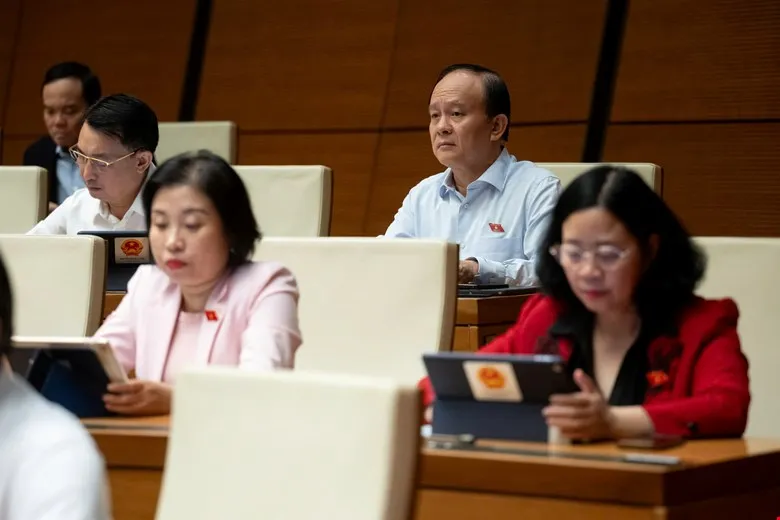 2 Đại biểu dự họp Quốc hội sáng 24-10.jpg
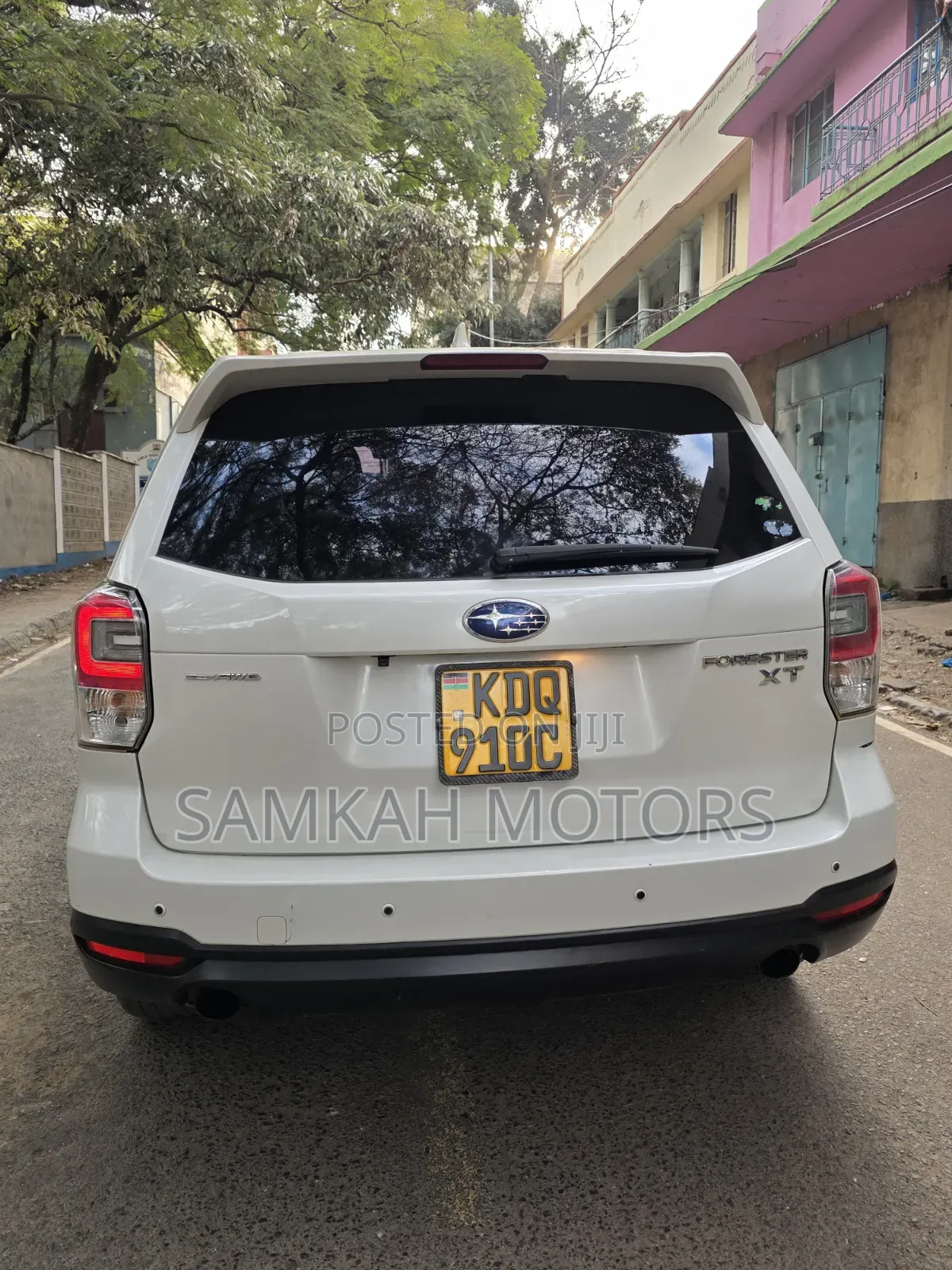 Subaru Forester 2018 White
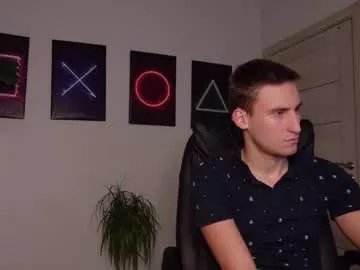 Freechat nikki_hard on Chaturbate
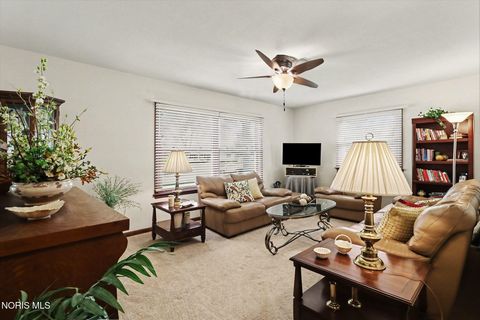 Tiny photo for 909 Monterey Court, Archbold, OH 43502 (MLS # 10006855)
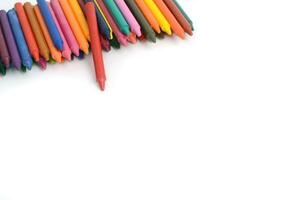 lápices de color forrado arriba aislado en blanco antecedentes. foto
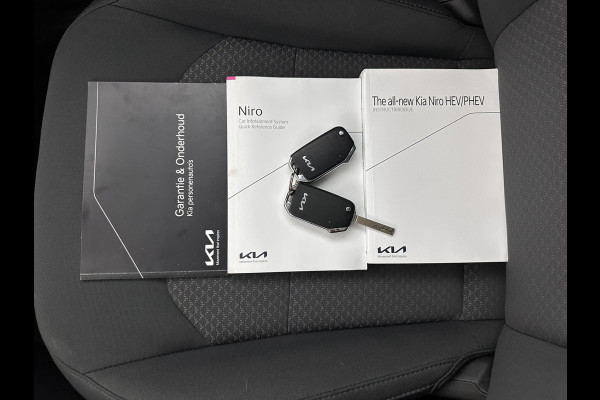 Kia Niro 1.6 GDi Hybrid ComfortLine (INCL.BTW) Aut. *ADAPTIVE-CRUISE | DIGI-COCKPIT | CARPLAY | CAMERA | COMFORTSEATS | DAB | ECC | PDC | CRUISE | 16''ALU | TOWBAR*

..............................

_Requirement_. Omit the pictures and return exactly the lines from the line containing "Tiny photo for" through the final line of the material above, both ends included.

_Task response_.
 Tiny photo for 909 Monterey Court, Archbold, OH 43502 (MLS # 10006855)
 lápices de color forrado arriba aislado en blanco antecedentes. foto
 Kia Niro 1.6 GDi Hybrid ComfortLine (INCL.BTW) Aut. *ADAPTIVE-CRUISE | DIGI-COCKPIT | CARPLAY | CAMERA | COMFORTSEATS | DAB | ECC | PDC | CRUISE | 16''ALU | TOWBAR*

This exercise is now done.